Published onApr 27, 2022
Illuminating the Characteristics and Accessibility of Data Behind Papers


This paper informs the LISA community about a dissertation conducted in the field of Library and Information Science. To understand the extent to which astronomy data is accessible to other researchers, a questionnaire was sent to corresponding authors of a sample of astronomy journal articles published over the past two decades, with completed responses received from authors around the world. Respondents provided information about the various kinds, formats, and locations of data that contributed to their published papers, along with demographic information. Paper-level metadata was also incorporated into analysis of the questionnaire. The questionnaire was informed by a series of background interviews, which provided qualitative insight into the quantitative results. The interviews also incorporated a “think-aloud” exercise to map the searching strategies used by astronomers while reading the literature and attempting to locate data behind papers. An overview of study outcomes is presented, along with considerations for successfully integrating relevant data associated with publications.

1 Introduction

This paper summarizes a dissertation conducted in the field of Library and Information Science (LIS) that is relevant for astronomy librarianship and scholarly communication [1]. Research studies in LIS often combine qualitative and quantitative methodological approaches to draw conclusions about a population of interest [2]. The mixed-methods project presented here focused on astronomers as the target population, while seeking generalizable insights into scientific research practices and scholarly information behavior. An overarching goal of the project was to estimate the extent to which astronomy data is accessible to other researchers. The scholarly literature served as a lens for investigating the nature and characteristics of data used to produce published papers. An initial series of background interviews was conducted to better understand the practices and attitudes of astronomers, as well as the decision-making processes through which astronomers identify data while reading published papers. Based on analysis and interpretation of the interviews, a questionnaire was sent to corresponding authors of a sample of journal articles inquiring about the data underlying specific articles. Responses to the questionnaire were interpreted alongside author-level and bibliographic information associated with the sampled articles. The following sections present an overview of the study rationale (background), methodology, and outcomes, followed by a brief discussion and conclusions.

2 Background

Linking data to publications and other scholarly products such as software is an increasing priority for journal publishers, research communities, and the Open Science movement more broadly [3]. The FAIR principles for making data Findable, Accessible, Interoperable and Reusable have been widely adopted for data stewardship planning and implementation [4]. However, particularly for data corresponding to older papers, much research data across disciplines is not presently “FAIR”. Heidorn [5] refers to such data as “dark data” that could support new discoveries if “brought to light”. Scholars have documented many reasons that scientific data may remain hidden, ranging from lack of time, resources, and incentives to concern about being “scooped” [6]. Data can also fall into the category of older “legacy” or “heritage” data for which significant contextual knowledge and effort would be required to migrate from older files formats and media to modern standards and infrastructures [7], [8].

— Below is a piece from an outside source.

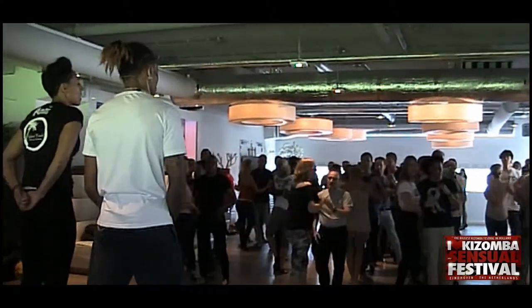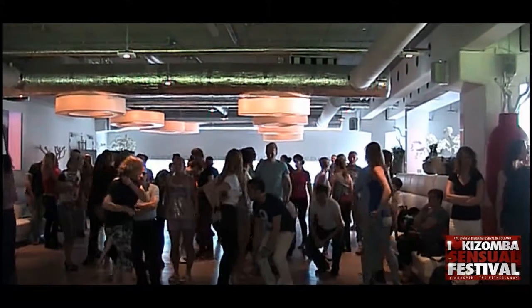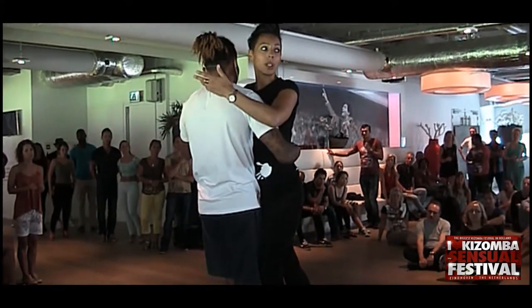Guys, go down. Go down, guys. You have to go back, guys. This is basic — like Saïda is a beginner step, okay?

These dynamics present challenges to research transparency. Moreover, in astronomy and other disciplines phenomena change over time, requiring an empirical record that encompasses longer timespans and a collective ethic of data preservation [9]. In seeking to develop a more comprehensive understanding of the availability of various astronomy data associated with publications, the study described here was inspired by the adage, “You cannot manage what you do not measure” [10]. In other words, to overcome barriers to sharing and access and ensure that the needs of the research community are met, it is essential to scope the problem at hand. Through an exploratory survey of data behind papers alongside qualitative insight, this study overall aimed to inform current and future data management practices, infrastructures, and policies in astronomy and beyond.

3 Methodology

The study was guided by a series of research questions surrounding whether, how, and why data are available online for others to access. Research questions covered areas such as:

  • What are characteristics of the astronomy researchers most likely to possess inaccessible datasets?

  • What are the significant attributes of inaccessible astronomical data?

  • Where are accessible and inaccessible astronomical data located and in what format(s)?

A phased approach to study design and analysis was implemented, with two distinct components. First, a series of background interviews was conducted in which astronomers reviewed a small sample of journal articles while describing their decision-making processes to locate underlying data. Second, an online questionnaire was sent to corresponding authors of a much larger sample of journal articles to obtain information about data behind specific papers on a broader scale. These two phases are described below.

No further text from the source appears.